Tingkat diagnosis alternatif antara laki-laki (182 dari 545, 33.4%) dan perempuan
(314 dari 1026, 30.6%) adalah serupa (p=0.279). Tidak termasuk wanita dengan
diagnosis ginekologi, satu-satunya diagnosis alternatif spesifik dengan perbedaan jenis
kelamin yang signifikan dalam tingkat diagnosis adalah pielonefritis (laki-laki, 0 dari
182; perempuan, 11 dari 207; p= 0.0011). Perbedaan antara jenis kelamin untuk dua
diagnosis alternatif spesifik lain yaitu konstipasi (laki-laki, 10 dari 182; perempuan, 22
dari 207; p=0.0948) dan pankreatitis (laki-laki, enam dari 182; perempuan, satu dari
207; p=0.0541) , tidak signifikan. Tidak ada perbedaan signifikan yang terjadi di tingkat
diagnosis antara kedua jenis kelamin untuk semua diagnosis alternatif spesifik lainnya
(p=0.1015 sampai dengan 0.99).
Di antara pasien yang menerima diagnosis pada CT, tingkat diagnosis untuk
apendisitis dan diagnosis alternatif bervariasi sesuai dengan usia dan jenis kelamin
(Gambar 3, terlampir). Pada pria, penyebab alternatif untuk gejala didiagnosis lebih
jarang dibandingkan appendisitis pada pasien berusia 18-44 tahun (39.4% [84 dari 213]
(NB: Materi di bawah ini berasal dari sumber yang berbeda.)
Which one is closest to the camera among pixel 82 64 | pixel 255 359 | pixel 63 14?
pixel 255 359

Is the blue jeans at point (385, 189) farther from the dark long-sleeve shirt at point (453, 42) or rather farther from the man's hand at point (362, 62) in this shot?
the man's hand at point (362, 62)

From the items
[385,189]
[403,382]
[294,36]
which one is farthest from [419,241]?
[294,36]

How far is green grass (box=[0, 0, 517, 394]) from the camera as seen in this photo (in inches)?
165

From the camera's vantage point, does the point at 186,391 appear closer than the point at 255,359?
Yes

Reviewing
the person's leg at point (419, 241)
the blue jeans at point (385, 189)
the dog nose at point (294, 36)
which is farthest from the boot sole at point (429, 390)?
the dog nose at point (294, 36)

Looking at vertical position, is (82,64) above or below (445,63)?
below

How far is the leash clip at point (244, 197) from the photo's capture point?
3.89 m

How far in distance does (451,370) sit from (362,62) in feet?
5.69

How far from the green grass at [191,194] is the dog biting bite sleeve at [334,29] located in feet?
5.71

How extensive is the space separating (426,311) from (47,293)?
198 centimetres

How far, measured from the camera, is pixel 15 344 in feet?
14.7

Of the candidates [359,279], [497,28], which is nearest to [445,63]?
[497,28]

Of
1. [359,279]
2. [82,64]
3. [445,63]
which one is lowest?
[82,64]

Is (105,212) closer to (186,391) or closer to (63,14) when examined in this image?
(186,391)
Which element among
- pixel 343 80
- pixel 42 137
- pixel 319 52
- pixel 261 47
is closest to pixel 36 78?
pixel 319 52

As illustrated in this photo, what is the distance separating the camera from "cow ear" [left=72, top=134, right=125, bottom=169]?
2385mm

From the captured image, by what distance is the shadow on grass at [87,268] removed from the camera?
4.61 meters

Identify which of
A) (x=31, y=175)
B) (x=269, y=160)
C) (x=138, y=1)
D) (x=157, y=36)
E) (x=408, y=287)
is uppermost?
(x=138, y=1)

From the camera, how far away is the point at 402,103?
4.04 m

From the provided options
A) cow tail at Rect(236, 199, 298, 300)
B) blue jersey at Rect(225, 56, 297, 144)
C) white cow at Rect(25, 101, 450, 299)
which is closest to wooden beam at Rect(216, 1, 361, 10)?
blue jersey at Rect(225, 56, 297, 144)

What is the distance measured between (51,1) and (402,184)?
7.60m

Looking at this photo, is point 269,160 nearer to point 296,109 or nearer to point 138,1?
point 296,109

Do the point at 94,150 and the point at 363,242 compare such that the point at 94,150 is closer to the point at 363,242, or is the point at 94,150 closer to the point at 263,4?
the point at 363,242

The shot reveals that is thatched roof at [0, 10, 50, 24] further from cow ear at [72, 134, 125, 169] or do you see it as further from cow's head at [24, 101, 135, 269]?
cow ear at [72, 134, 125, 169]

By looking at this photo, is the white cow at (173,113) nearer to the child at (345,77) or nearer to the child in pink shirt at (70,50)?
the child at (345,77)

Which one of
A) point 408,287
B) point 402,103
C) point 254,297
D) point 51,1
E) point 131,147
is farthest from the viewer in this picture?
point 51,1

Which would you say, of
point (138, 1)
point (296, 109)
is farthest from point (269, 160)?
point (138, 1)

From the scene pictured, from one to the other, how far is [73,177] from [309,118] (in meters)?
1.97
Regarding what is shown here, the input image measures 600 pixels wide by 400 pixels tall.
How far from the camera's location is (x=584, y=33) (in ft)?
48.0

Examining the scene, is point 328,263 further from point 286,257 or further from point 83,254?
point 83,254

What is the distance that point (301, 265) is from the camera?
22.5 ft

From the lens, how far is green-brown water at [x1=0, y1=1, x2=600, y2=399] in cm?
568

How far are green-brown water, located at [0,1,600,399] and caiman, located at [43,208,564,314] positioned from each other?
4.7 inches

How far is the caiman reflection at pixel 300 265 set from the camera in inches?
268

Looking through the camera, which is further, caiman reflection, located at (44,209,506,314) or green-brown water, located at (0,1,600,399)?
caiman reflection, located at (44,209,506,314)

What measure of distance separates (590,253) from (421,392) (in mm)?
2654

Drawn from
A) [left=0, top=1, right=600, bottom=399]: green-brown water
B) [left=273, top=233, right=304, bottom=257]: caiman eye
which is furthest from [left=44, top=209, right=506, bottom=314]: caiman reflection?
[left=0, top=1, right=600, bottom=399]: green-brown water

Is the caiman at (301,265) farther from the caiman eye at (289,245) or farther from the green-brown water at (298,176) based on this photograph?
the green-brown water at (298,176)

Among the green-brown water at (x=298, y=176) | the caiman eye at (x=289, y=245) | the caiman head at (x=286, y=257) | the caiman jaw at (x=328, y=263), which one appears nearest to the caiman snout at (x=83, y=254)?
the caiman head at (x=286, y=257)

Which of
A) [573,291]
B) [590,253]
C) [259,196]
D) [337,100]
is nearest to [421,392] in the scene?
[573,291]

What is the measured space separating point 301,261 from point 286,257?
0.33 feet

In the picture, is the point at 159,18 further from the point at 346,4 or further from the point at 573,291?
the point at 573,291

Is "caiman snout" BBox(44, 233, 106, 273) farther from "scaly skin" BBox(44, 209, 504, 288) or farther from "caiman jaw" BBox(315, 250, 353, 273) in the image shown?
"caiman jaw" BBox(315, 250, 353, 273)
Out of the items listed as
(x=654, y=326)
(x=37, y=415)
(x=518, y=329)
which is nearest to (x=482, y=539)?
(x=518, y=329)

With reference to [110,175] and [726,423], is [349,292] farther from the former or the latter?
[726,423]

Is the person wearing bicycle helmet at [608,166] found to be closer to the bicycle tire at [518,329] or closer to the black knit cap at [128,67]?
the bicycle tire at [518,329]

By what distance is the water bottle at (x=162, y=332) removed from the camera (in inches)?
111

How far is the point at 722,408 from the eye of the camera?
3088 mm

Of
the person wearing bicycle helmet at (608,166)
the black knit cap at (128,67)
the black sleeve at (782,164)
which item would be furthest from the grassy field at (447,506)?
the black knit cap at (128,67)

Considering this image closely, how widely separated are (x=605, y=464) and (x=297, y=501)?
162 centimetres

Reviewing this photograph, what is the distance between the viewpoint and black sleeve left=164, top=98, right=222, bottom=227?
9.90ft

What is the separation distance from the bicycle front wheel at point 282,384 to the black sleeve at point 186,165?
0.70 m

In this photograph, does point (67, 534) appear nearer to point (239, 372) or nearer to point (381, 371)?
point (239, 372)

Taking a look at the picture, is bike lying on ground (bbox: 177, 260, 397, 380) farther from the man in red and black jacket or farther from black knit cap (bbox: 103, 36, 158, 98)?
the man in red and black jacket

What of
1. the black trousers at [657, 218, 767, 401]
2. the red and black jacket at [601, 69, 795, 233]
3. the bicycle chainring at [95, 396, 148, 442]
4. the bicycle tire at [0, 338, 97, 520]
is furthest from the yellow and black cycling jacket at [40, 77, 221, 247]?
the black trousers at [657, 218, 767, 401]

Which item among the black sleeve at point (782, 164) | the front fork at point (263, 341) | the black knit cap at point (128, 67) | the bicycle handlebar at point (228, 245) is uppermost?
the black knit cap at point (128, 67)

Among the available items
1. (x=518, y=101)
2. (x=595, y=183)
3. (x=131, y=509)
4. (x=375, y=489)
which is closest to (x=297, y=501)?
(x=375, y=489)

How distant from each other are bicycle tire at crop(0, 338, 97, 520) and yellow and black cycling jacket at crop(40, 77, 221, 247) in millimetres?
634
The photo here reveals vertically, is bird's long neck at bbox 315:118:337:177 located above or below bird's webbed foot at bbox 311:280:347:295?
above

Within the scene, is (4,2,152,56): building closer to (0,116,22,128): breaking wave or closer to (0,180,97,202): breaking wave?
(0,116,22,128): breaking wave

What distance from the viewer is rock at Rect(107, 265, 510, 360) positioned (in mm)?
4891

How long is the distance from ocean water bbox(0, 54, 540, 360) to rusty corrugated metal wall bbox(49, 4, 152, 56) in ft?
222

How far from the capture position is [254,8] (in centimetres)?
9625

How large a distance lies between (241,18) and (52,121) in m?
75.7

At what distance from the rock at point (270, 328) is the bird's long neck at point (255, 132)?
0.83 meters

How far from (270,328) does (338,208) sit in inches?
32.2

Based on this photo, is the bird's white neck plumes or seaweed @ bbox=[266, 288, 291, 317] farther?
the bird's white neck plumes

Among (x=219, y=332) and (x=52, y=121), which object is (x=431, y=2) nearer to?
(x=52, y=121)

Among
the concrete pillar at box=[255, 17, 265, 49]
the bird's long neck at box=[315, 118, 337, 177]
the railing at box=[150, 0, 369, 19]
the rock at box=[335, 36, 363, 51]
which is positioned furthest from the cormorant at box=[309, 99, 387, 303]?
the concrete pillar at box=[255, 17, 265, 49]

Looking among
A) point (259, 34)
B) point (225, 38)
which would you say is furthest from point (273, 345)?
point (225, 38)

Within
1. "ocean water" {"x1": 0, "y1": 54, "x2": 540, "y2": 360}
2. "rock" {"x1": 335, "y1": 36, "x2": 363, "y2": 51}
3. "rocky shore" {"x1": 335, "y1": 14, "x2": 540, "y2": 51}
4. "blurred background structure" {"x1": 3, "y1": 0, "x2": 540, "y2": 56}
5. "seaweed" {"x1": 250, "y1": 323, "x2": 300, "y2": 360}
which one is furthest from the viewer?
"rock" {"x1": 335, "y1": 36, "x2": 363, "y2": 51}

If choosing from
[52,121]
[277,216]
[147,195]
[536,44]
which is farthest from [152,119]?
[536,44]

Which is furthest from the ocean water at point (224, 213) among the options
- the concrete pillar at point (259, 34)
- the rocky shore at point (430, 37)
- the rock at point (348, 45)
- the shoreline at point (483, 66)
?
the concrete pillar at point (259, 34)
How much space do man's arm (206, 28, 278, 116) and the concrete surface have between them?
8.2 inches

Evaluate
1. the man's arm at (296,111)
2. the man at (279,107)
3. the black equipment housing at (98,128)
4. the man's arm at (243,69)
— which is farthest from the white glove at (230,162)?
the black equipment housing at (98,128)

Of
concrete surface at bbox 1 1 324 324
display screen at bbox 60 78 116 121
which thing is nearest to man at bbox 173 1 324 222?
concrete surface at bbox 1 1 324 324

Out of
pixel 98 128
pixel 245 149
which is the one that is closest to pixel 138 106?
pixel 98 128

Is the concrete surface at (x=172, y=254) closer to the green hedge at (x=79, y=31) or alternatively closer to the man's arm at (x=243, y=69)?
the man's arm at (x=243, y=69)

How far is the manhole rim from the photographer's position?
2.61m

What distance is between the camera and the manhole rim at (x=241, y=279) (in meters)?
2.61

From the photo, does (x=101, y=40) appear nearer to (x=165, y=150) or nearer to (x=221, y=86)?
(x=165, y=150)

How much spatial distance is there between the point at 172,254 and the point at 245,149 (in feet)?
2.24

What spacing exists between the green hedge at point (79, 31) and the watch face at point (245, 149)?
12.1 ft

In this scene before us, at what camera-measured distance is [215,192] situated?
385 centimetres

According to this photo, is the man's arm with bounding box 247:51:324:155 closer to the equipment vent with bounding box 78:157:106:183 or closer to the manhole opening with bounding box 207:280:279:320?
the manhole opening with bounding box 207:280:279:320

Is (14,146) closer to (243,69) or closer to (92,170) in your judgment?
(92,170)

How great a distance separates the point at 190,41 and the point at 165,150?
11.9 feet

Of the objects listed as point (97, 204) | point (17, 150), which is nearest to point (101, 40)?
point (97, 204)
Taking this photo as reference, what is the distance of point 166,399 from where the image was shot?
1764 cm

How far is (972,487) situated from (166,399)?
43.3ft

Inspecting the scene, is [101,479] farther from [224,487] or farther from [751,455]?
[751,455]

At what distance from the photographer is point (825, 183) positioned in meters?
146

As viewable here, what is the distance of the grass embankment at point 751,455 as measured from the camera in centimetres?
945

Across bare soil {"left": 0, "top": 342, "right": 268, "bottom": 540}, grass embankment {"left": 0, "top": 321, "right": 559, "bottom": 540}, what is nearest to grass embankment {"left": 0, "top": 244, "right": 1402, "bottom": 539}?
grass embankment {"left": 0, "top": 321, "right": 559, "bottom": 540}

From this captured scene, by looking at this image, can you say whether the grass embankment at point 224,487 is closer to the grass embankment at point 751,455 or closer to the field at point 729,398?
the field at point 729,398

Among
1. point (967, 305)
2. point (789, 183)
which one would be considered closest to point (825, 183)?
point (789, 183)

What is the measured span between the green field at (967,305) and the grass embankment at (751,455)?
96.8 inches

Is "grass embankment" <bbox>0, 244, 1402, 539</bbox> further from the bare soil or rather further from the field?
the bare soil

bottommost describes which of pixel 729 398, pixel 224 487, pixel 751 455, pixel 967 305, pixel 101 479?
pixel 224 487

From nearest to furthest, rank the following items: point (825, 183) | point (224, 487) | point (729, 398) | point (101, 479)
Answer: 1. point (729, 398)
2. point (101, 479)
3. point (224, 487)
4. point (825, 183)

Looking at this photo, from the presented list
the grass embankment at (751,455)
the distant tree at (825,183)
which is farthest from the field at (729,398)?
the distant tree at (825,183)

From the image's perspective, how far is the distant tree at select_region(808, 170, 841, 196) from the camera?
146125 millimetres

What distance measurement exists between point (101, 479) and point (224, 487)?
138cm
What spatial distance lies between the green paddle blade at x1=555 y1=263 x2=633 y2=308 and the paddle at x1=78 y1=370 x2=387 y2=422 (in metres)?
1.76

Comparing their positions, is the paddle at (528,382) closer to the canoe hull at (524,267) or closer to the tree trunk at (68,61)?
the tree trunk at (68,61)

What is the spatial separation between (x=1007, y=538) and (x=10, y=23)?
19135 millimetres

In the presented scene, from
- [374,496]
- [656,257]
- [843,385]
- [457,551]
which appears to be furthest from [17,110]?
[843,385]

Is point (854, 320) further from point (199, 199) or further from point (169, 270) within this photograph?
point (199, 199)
vs 60.6% [129 dari 213]), sebuah tren yang telah terbalik pada pasien berusia 45 tahun
dan lebih tua (72.1% [98 dari 136] vs 27.9% [38 dari 136], p<0,0001). Pada wanita,
angka diagnosis alternatif melebihi angka diagnosis apendisitis untuk semua kelompok
usia, menjadi lebih signifikan pada orang tua (58.0% [275 dari 474] vs 42.0% [199 dari
474] untuk mereka yang berusia 64 tahun dan lebih muda dan 88.6% [39 dari 44] vs
11.4% [lima dari 44] bagi mereka yang lebih tua dari usia 65 tahun, p<0,0001).
Di antara pasien dimana diagnosis spesifik tidak dibuat pada CT, tidak ada
diagnosis klinis untuk menjelaskan gejala dibuat pada 582 dari 704 pasien (82,7%).
Jumlah pasien kami yang tidak menerima diagnosis spesifik CT (704 dari 1571, 44.8%)
dan jumlah yang tidak menerima diagnosis klinis spesifik (672 dari 1571, 42.8%)
adalah serupa (p=0.2650). Pada pasien yang tidak menerima CT atau diagnosis klinis,
56 dari 582 (9.6%) dirawat di rumah sakit, dan 13 prosedur bedah dilakukan dalam
waktu 1 tahun (11 appendektomi negatif dilakukan segera dan dua prosedur bedah yang
tidak terkait di akhir tahun). Setelah hasil CT nonspesifik, ada 122 dari 704 (17.3%)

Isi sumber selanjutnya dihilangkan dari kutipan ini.